The test involves taking a cell sample from the embryo at around the eight cell stage. It allows a clinician to tissue type to find a match for an existing child. In 2001 the HFEA adopted a precautionary approach when considering this procedure and decided that it should only be permitted when it was combined with tests to enable parents to select embryos which are free from a serious genetic disorder. This was because the technique is invasive and there was a concern about a potential risk of damaging the embryo, so tissue typing was only allowed on cells which had already been taken from the embryo for genetic diagnosis.
The HFEA has now carefully reviewed the medical, psychological and emotional implications for children and their families as well as the safety of the technique. There have been three further years during which successful embryo biopsies have been carried out, both in the UK and abroad and we’re not aware of any evidence of increased risk.

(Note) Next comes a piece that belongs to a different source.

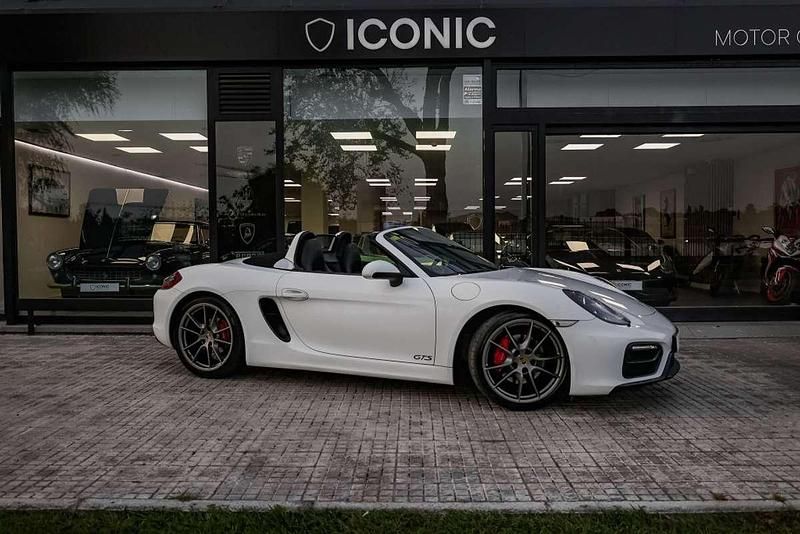 Blanco Usado 2015 Porsche Boxster GTS Descapotable | 69.900 € - Imagen 1/4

Suzi Leather, HFEA Chair says:
“Faced with potential requests from parents who want to save a sick child, the emotional focus is understandably on the child who is ill. Our job is also to consider the welfare of the tissue matched child which will be born. Our review of the evidence available does not indicate that the embryo biopsy procedure disadvantages resulting babies compared to other IVF babies. It also shows that the risks associated with sibling to sibling stem cell donation are low and that this treatment can benefit the whole family.”
The HFEA requires that any application submitted to carry out this procedure must be fully supported by the clinical team who are going to treat the existing sick child and they will have to show that they have considered every other treatment possible first before applying to the HFEA and that every step has been taken to find an existing match using world wide tissue banks and cord blood banks. The HFEA regards preimplantation tissue typing as a last resort.